A Scala library for indentation-sensitive lexical analysis using parser combinators. Extends StdLexical to automatically generate INDENT, DEDENT, and NEWLINE tokens for Python-style block structure.
libraryDependencies += "io.github.edadma" %%% "indentation" % "0.0.2"Cross-compiled for JVM, Scala.js, and Scala Native.
import io.github.edadma.indentation.IndentationLexical
import scala.util.parsing.combinator.syntactical.StandardTokenParsers
import scala.util.parsing.input.CharSequenceReader
class MyParser extends StandardTokenParsers {
override val lexical: IndentationLexical = new IndentationLexical(
newlineBeforeIndent = true,
newlineAfterDedent = true,
startLineJoining = List("(", "["),
endLineJoining = List(")", "]"),
lineComment = "//",
blockCommentStart = "/*",
blockCommentEnd = "*/"
) {
reserved ++= List("if", "else", "then", "print")
delimiters ++= List("=", "+", "-", "*", "/", "<", ">", "(", ")")
}
import lexical.{Newline, Indent, Dedent}
lazy val program: Parser[List[String]] =
repsep(statement, rep1(Newline)) <~ opt(rep(Newline))

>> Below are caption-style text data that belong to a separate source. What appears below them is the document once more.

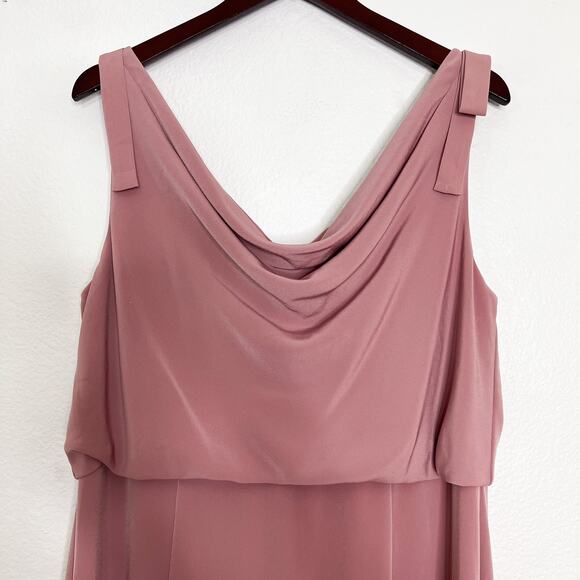 Adrianna Papell Pink Sleeveless Long Cowl Neck Gown Size 16 - Picture 3 of 12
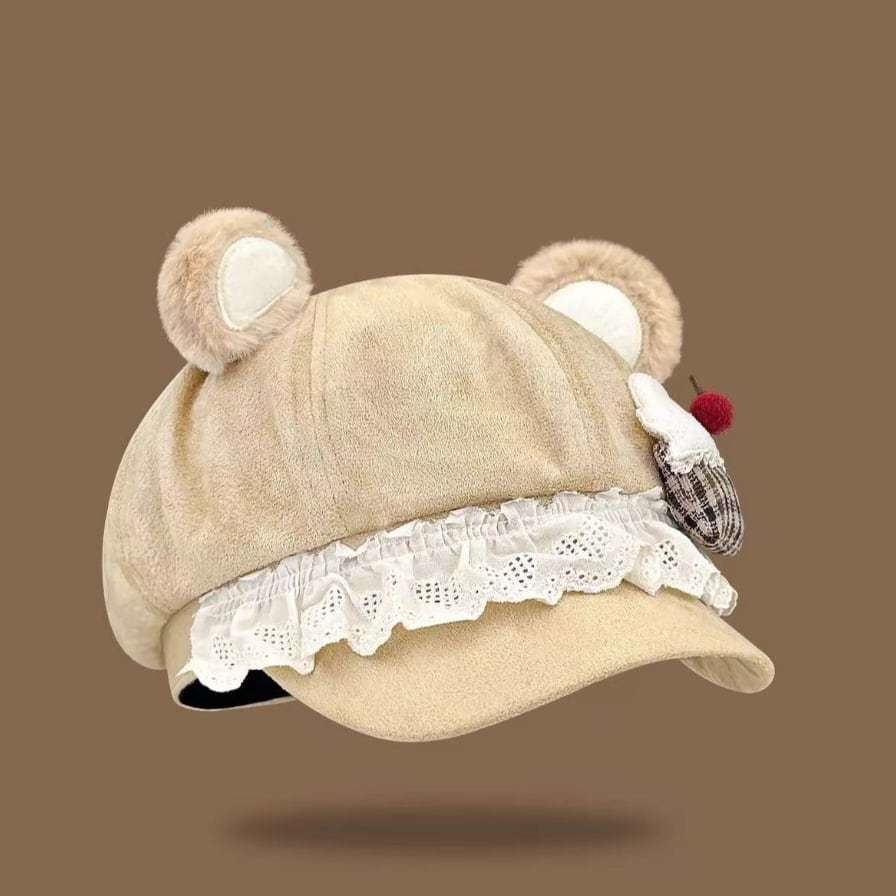 ゆめかわ♡全3カラー フリル付きクマ耳キャップ komono5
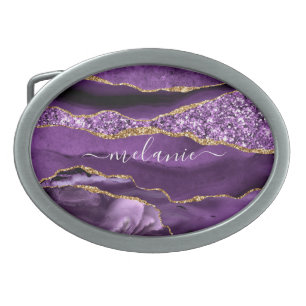 Agate Purple Gold Belt Buckle with Custom Name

lazy val statement: Parser[String] =
"if" ~> ident ~ ("then" ~> block) ^^ { case id ~ _ => s"if($id)" } |
"print" ~> ident ^^ (id => s"print($id)") |
ident ~ ("=" ~> ident) ^^ { case a ~ b => s"$a=$b" }
lazy val block: Parser[List[String]] =
Newline ~> Indent ~> repsep(statement, rep1(Newline)) <~ opt(Newline) <~ Dedent
def parse(input: String) =
phrase(program)(lexical.read(new CharSequenceReader(input)))
}Usage:
val parser = new MyParser
parser.parse("x = y\nif x then\n print x\nprint done")
// Success(List(x=y, if(x), print(done)), ...)Note: create a new parser instance per parse call, as StandardTokenParsers has internal mutable state.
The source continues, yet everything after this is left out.